Prof. Mugagga recommended certain changes if the education system is to have meaningful blended pedagogical interventions.
- Functional state structures
- Governance and political as well as social accountability for all rich , middle and poor .
- Parity and equity in educational opportunities for all
- Meritocracy versus favoritism in access to good educational opportunities: The best are selected and not those who are most favored by the system.
- Strong leadership and administration which makes state institutions functional and powerful
- A Strong sense of entrepreneurship on part of all education stakeholders
- Strong civil society
- An overall sense of professionalism by all
- Strong vocational and technical education
- Pedagogical innovativeness by all
- Plan but in cognizant of our affluent-poverty education access divide.

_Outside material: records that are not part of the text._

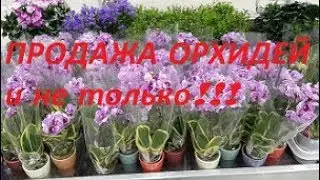 Орхидеи на продажу! Sogo Vivien и не только!!!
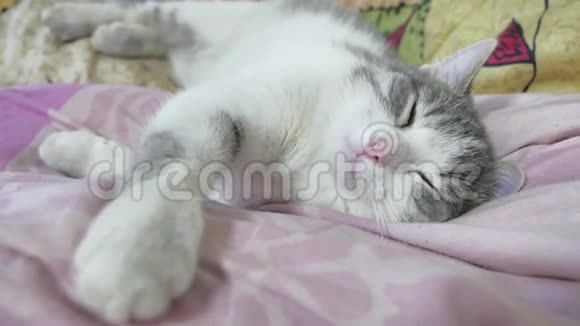 可爱的猫白灰色小猫睡在白色的床上视频的预览图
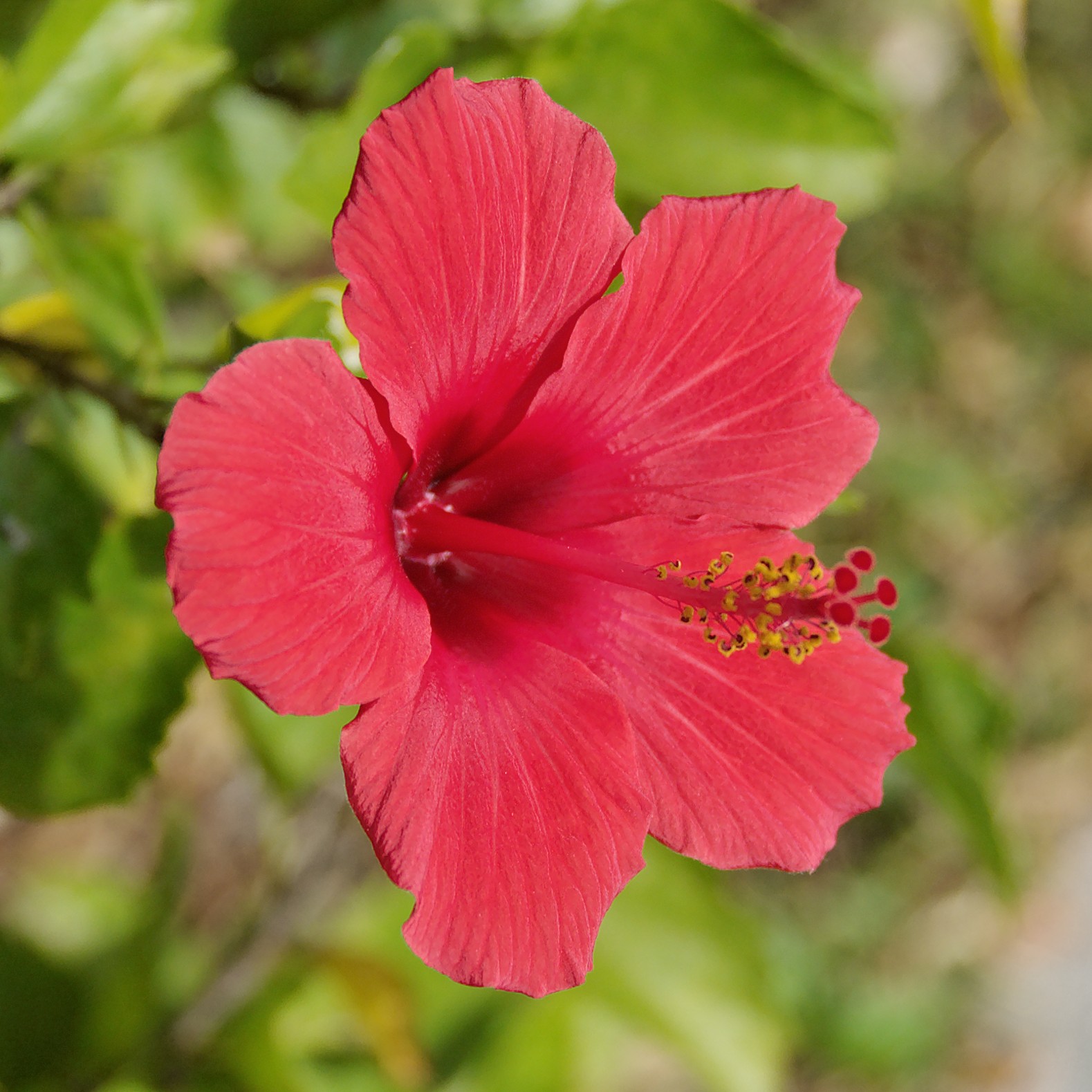 a bright pink flower growing in the garden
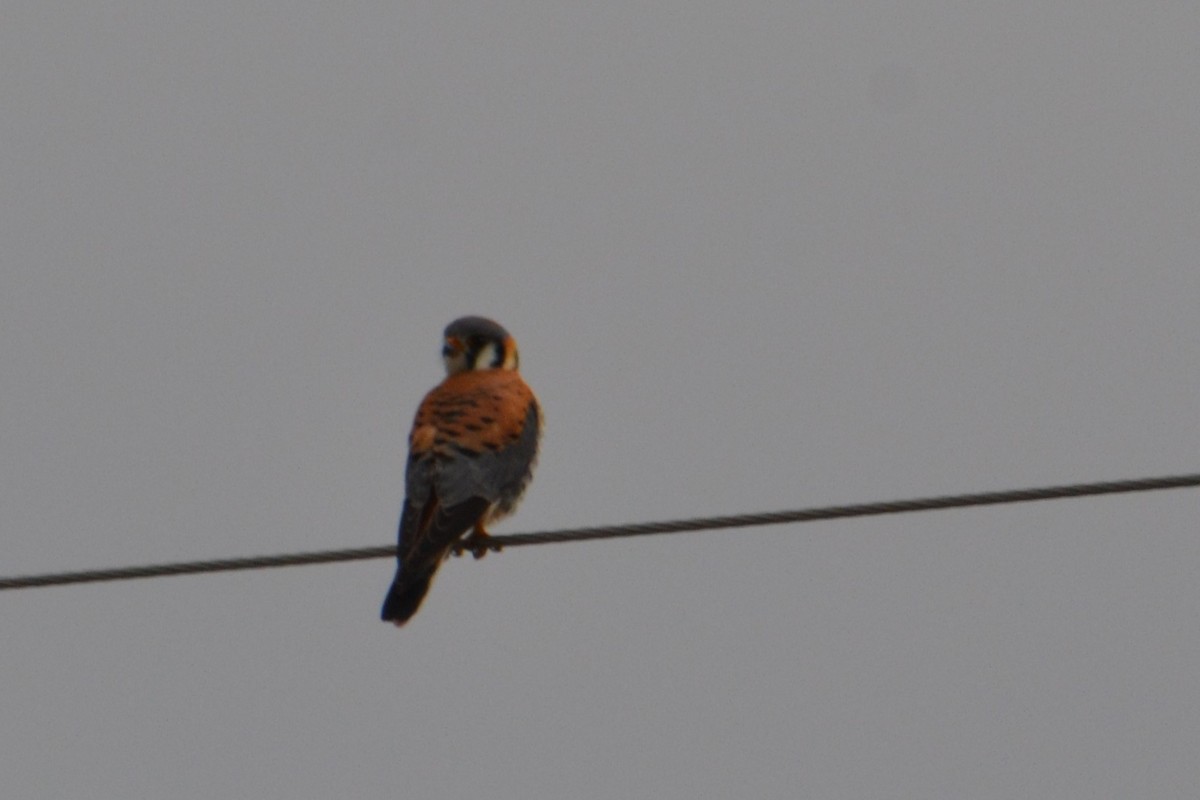 American Kestrel - Ted Armstrong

- Train both the in-service and pre-service teachers in use of Emerging Technologies(ETs ) such as Mobile phones, Televisions and Radio among others.
- Create inclusive Education technology implementation frameworks from Early Childhood Care Education (ECCE) to university levels but tailored to the Ugandan context.
The symposium, which was also attended by Ministry of Education Official, was organized by Capacity Building for Research-Based Teacher Education (CABUTE) project.
Commissioner Jonathan Kamwana, called on the university to train teachers in preparation for crisis. “We need to prepare out teachers to handle refugee students and those from war tone areas.” “We also need to teach them soft stills, values that are conducive for the environment,” Mr. Kamwaka said.
The ministry he said has got a teacher training framework which has competence profiles for all teachers at all levels.
The ministry he said has done studies and has the teacher policy which is hoped will guide training of teachers and better the quality of the teacher sent out into the schools.
CABUTE is a 6 years project (2021-2026) for research-based capacity building in Ugandan teacher education under the NORAD-financed NORHED-II-programme.
It has so far issued 16 masters scholarships and 4 PhD scholarships to teachers of NTCs and PTCs.